THE HUNGER GAMES: I Am Hungry For More!
I can't wait to see the movie!!!
Sometime last year I was in Barnes and Noble looking for a new book to read. Not knowing what I was looking for I walked toward the young adult section to see if anything caught my eye. Of course, the Twilight books were plastered all over the place, but I had already read them, so that was not a solution. I was looking for something that was going to keep me intrigued. As I kept walking I noticed two book trilogies: The Hunger Games, by Suzanne Collins and Tiger’s Curse, by Colleen Houck. Since the final book of The Hunger Games trilogy was out and all three books had such an awesome cover I decided to pick those books first
The first book of the trilogy, of course titled The Hunger Games, immediately grabbed me. A combination of Twilight and the Greek myth of Theseus and the Minotaur, The Hunger Games is filled with nerve-racking tension, thrilling action, and a great engaging love story that kept my attention no matter how hard I tried to put the book down. I found myself completely caught up in the story’s plot, set in some future time and place where the government has become a dictatorship, telling its people where to live, what to do and who to love. Of course, those who did not comply with these demands were subjected to any number of punishments!

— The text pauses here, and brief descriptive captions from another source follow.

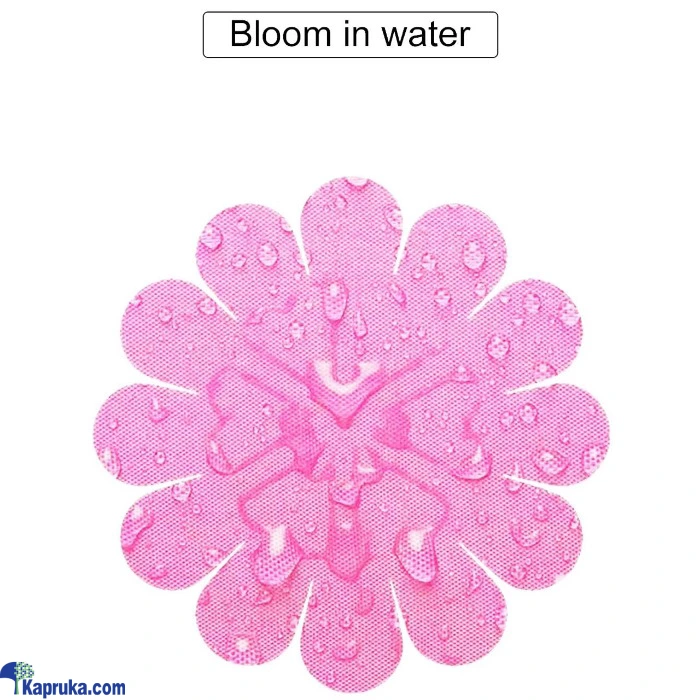 Umbrellas ef_pc_fashion0v2310p00013 in Sri Lanka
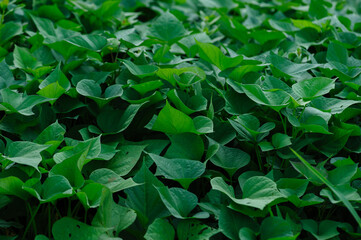 Growing organic sweet potatoes. Organic farming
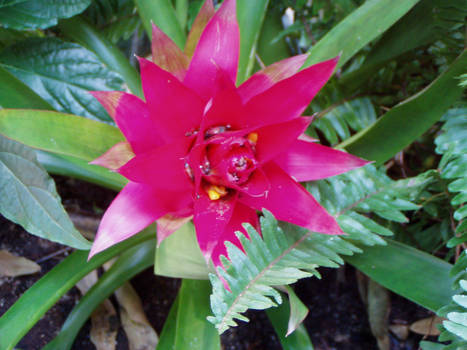 Pink Flowers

The Hunger Games starts in a North America we do not recognize. Now a dictatorship, the country is divided into 12 districts with each district fulfilling a particular purpose. For example, one district is responsible for food, another for mining, and so on. Each year the government holds a game that pits children from the ages of 12 to 18 against each other in a fight to the death. This game is held in a giant, treacherous arena, is televised, and is highly anticipated all over the country. The book’s main character,
Katniss Everdeen, in an act of bravery, takes her sister’s place as one of the 24 “tributes” (the name given to the children who are forced to participate in the game) when her sister’s name is called. Katniss is taken to the capital to be prepped for the game and, all the while she is being trained, she struggles with knowing that the only way she can return home to her family is to survive the game, but the only way she can survive the game is to kill her opponents who are all children. In short, her survival is diabolically linked to how effective she can be at becoming the pawn of this monstrous government.
The Hunger Games , then, is the story of Katmiss’s struggle. She battles fire, hunger, thirst, wild animals, injuries and other children in her quest to survive. She, of course, falls in love, makes and loses friends, is exposed to horrific spectacles like one of her fellow tributes being slowly eaten by a wolf-like creature, and is forced to make adult decisions that push her to her limits. With all of this, it is a bit surprising to realize that this trilogy’s targeted audience is young adults as clearly some of the book’s subject matter seems better suited for a more mature reader.
A more mature reader, like me! I loved this trilogy and the only thing that I think could possibly be better than these books is Liongate’s much anticipated film version of this fantastic story. I, for one, cannot wait to see the movie and am holding my breath that they will do the books justice and keep me on the edge of my theatre seat in the same way that the books kept me on the edge of my sofa!